Reproduce exactly the line that contains "this 250×188 image." and every line after it through the end of the records below, leaving out all pictures.
-=-=-
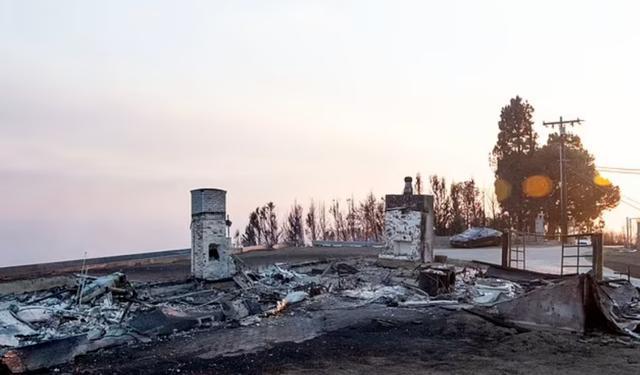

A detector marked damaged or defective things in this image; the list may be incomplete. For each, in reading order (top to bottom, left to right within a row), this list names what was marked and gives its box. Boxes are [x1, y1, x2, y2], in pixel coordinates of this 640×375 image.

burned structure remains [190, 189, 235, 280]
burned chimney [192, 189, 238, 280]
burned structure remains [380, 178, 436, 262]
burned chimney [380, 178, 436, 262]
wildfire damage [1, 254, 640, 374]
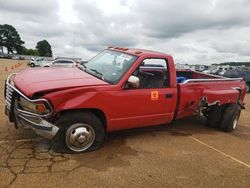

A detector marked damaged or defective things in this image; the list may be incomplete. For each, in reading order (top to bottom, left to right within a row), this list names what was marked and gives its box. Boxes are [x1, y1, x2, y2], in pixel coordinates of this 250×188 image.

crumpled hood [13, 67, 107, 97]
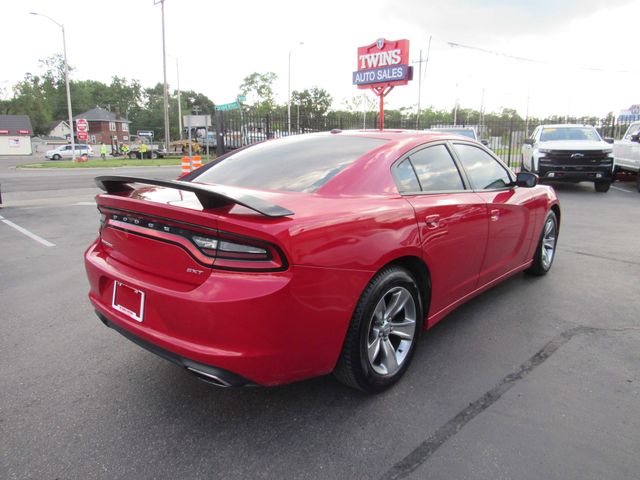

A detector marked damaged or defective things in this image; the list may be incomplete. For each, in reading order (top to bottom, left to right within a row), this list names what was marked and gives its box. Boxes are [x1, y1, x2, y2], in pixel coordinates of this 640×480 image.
-=-=-
• Task result
A detector marked damaged or defective things in this image; the list may be incomplete. For each, in reading order (top to bottom, left to right within a row), this list names what was marked and gives its box. Boxes are [x1, y1, x2, y2], in pixel coordinates of this 250×188 image.

crumpled hood [13, 67, 107, 97]

A detector marked damaged or defective things in this image; the list may be incomplete. For each, in reading order (top to bottom, left to right within a row), this list names what was marked and gives its box. Boxes are [x1, y1, x2, y2], in pixel coordinates of this 640×480 image.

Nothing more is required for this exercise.